Overall, cancer detection with digital or film–screen mammography is similar in U.S. women aged 50 to 79 years undergoing screening mammography. Women aged 40 to 49 years are more likely to have extremely dense breasts and estrogen receptor–negative tumors; if they are offered mammography screening, they may choose to undergo digital mammography to optimize cancer detection.
Prospective cohort study.
329 261 women aged 40 to 79 years underwent 869 286 mammograms (231 034 digital; 638 252 film–screen).

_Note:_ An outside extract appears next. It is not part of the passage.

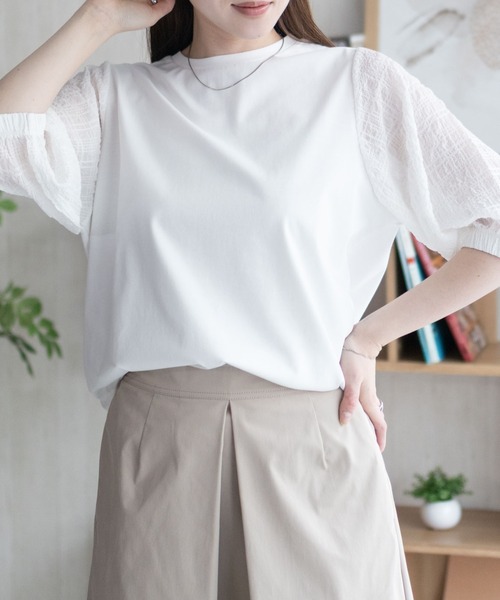 HusHusH(ハッシュアッシュ)の「HusHusH 袖異素材プルオーバー(Tシャツ/カットソー・レディース・ブラック/サックスブルー/オフホワイト・M/L)」の18枚目の写真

Invasive cancer or ductal carcinoma in situ diagnosed within 12 months of a digital or film–screen examination and calculation of mammography sensitivity, specificity, cancer detection rates, and tumor outcomes.
Overall, cancer detection rates and tumor characteristics were similar for digital and film–screen mammography, but the sensitivity and specificity of each modality varied by age, tumor characteristics, breast density, and menopausal status.
Compared with film–screen mammography, the sensitivity of digital mammography was significantly higher for women aged 60 to 69 years (89.9% vs. 83.0%; P = 0.014) and those with estrogen receptor–negative cancer (78.5% vs. 65.8%; P = 0.016); borderline significantly higher for women aged 40 to 49 years (82.4% vs. 75.6%; P = 0.071), those with extremely dense breasts (83.6% vs. 68.1%; P = 0.051), and pre– or perimenopausal women (87.1% vs. 81.7%; P = 0.057); and borderline significantly lower for women aged 50 to 59 years (80.5% vs. 85.1%; P = 0.097).
The specificity of digital and film–screen mammography was similar by decade of age, except for women aged 40 to 49 years (88.0% vs. 89.7%; P < 0.001).